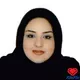 دکتر سپیده قروان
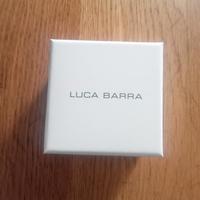 scatola porta anello 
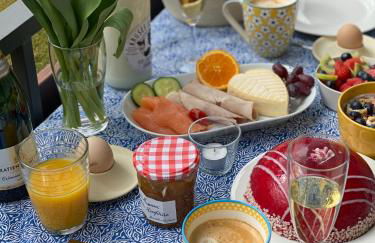 Ferienwohnung Erholung in Altastenberg - Photo 19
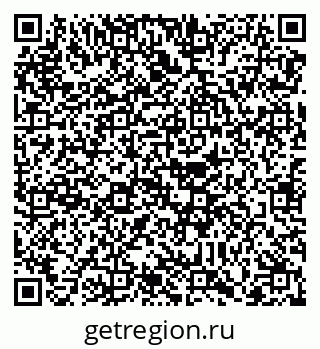 79088735378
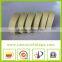 Masking Tape For Making Beautiful Greeting Card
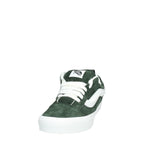 VANS SNEAKERS UNISEX MODELLO KNU SKOOL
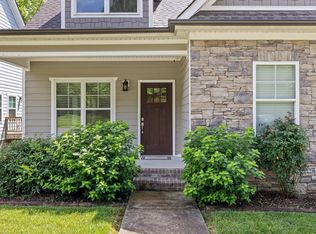 9692 Bill Reed Rd, Ooltewah, TN 37363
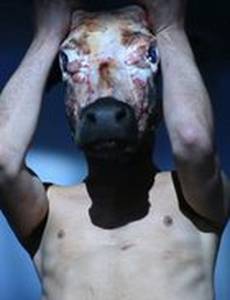 Уроки украинского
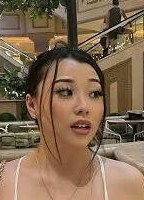KATELYN YOUNG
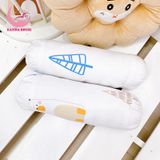  Cặp gối ôm 40cm/ Tencel 40s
-.-.-
■ PROBLEM TO SOLVE
When you reach a picture, pass over it; write out all other material exactly.

■ ANSWER SECTION
 دکتر سپیده قروان
 scatola porta anello 
 Ferienwohnung Erholung in Altastenberg - Photo 19
 79088735378
 Masking Tape For Making Beautiful Greeting Card
 VANS SNEAKERS UNISEX MODELLO KNU SKOOL
 9692 Bill Reed Rd, Ooltewah, TN 37363
 Уроки украинского
KATELYN YOUNG
  Cặp gối ôm 40cm/ Tencel 40s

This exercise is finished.